[[ MATERIAL PROVIDED open ]]

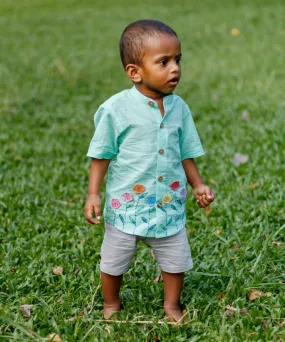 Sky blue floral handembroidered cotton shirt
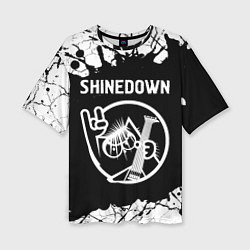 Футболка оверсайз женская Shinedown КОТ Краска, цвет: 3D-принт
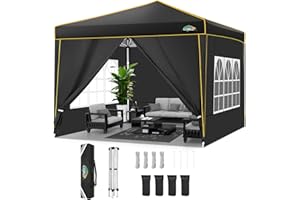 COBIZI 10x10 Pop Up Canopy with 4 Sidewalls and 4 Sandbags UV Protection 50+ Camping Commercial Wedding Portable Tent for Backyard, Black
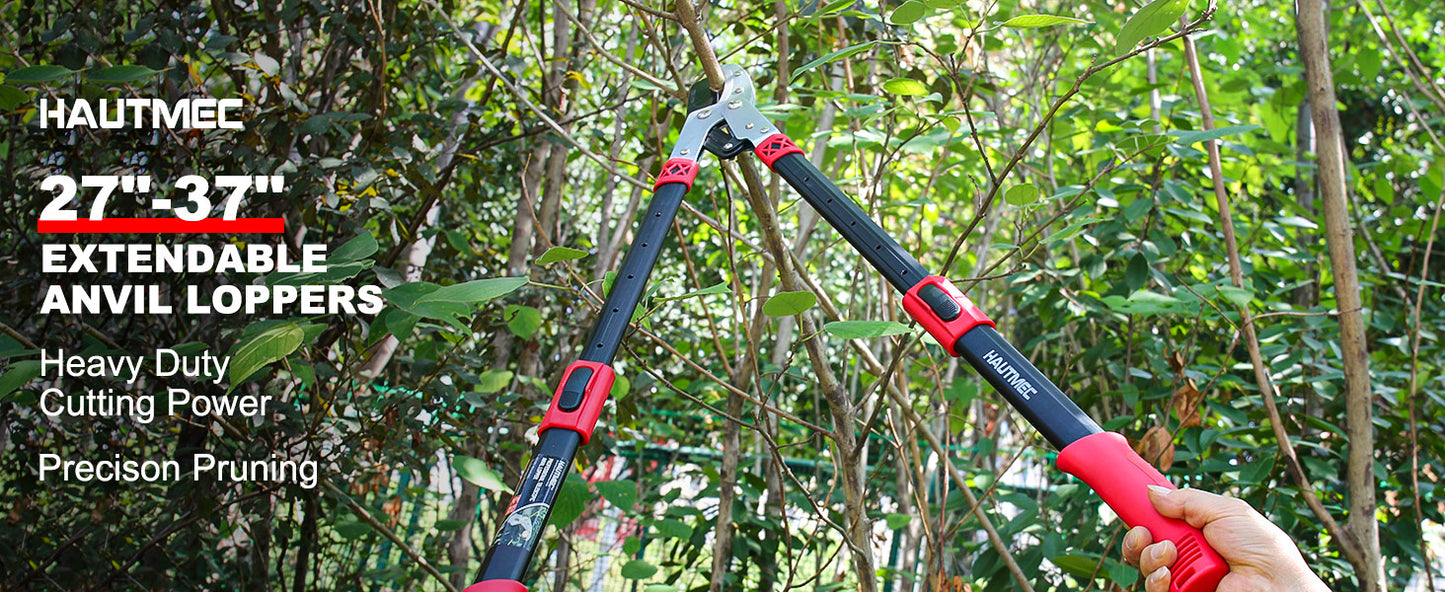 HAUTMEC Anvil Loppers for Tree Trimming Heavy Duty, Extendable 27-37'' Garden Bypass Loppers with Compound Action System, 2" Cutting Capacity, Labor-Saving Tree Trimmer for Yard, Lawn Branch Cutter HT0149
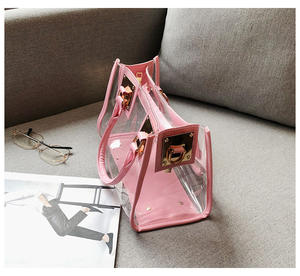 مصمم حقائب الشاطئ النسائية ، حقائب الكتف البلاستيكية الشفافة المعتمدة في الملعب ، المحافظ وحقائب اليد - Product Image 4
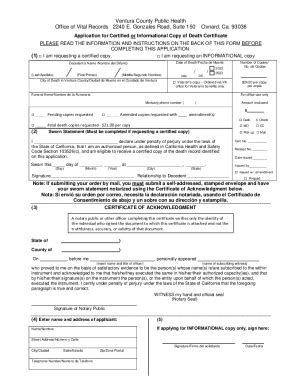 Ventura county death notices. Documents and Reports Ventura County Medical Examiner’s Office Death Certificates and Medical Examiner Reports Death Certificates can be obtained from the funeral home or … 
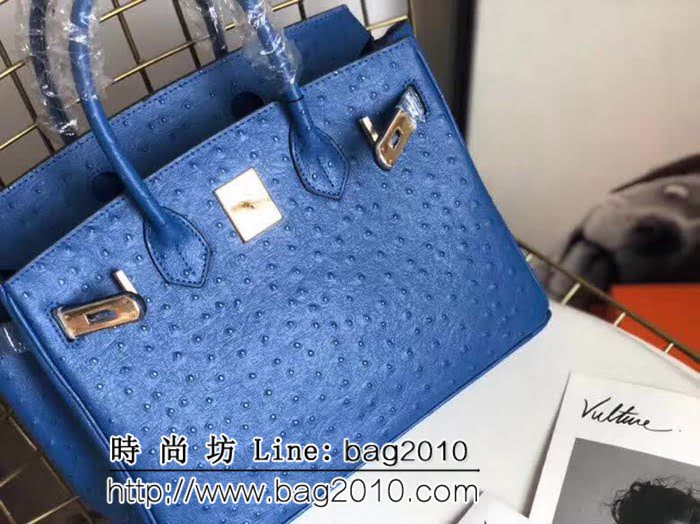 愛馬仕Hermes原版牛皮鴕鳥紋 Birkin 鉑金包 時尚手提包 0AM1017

[[ MATERIAL PROVIDED closed ]]

> **DESCRIPTION OF THE TASK**
With all pictures excluded, output exactly the lines from the one containing "Ventura county death" through the final line of the entries, inclusive.

> **ANSWER**
 Ventura county death notices. Documents and Reports Ventura County Medical Examiner’s Office Death Certificates and Medical Examiner Reports Death Certificates can be obtained from the funeral home or … 
 愛馬仕Hermes原版牛皮鴕鳥紋 Birkin 鉑金包 時尚手提包 0AM1017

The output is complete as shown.